### EXERCISE
All of the data below is to be repeated exactly, except for the pictures.

### GIVEN DATA

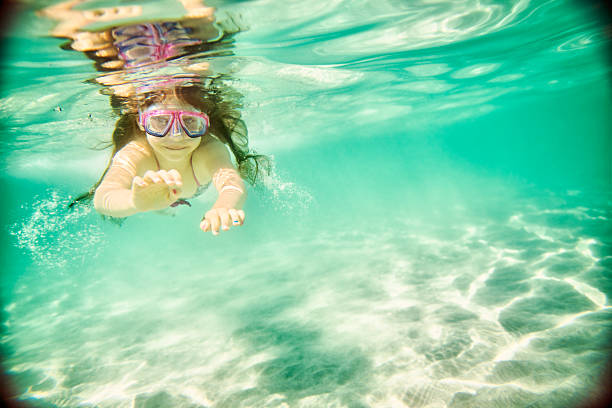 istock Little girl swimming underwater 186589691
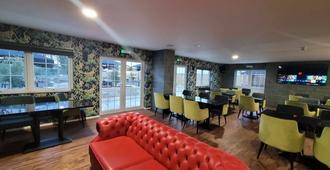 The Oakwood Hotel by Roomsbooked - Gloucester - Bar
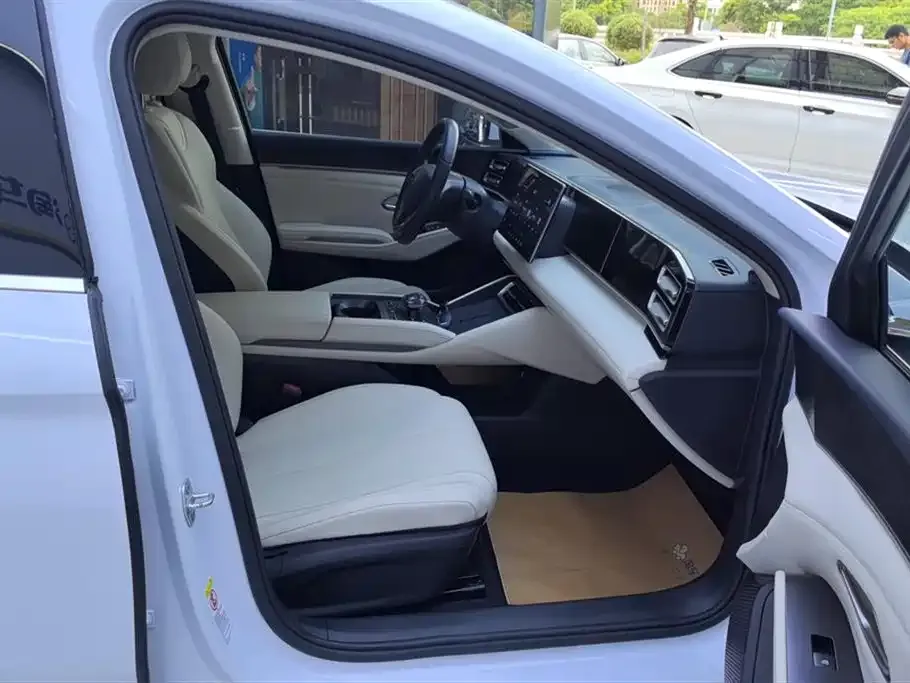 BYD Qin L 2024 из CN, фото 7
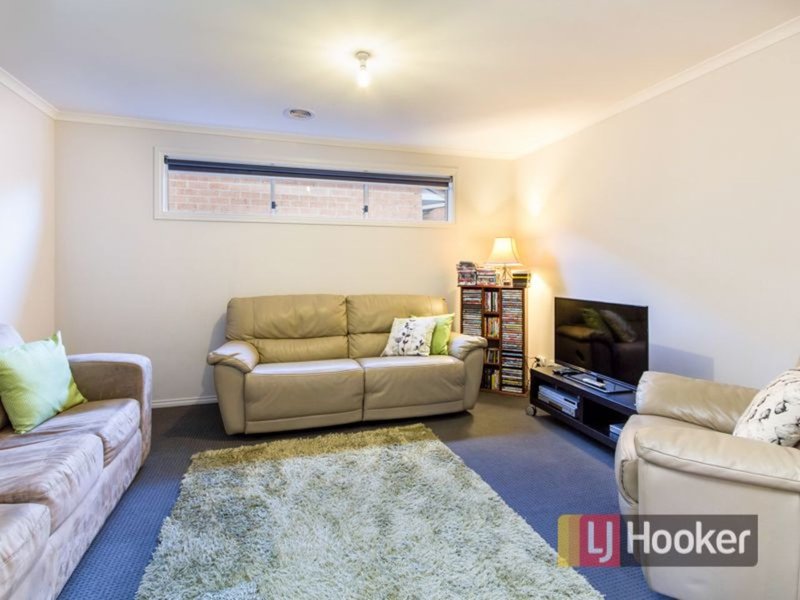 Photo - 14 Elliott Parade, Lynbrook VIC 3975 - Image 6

### TASK OUTPUT
 istock Little girl swimming underwater 186589691
 The Oakwood Hotel by Roomsbooked - Gloucester - Bar
 BYD Qin L 2024 из CN, фото 7
 Photo - 14 Elliott Parade, Lynbrook VIC 3975 - Image 6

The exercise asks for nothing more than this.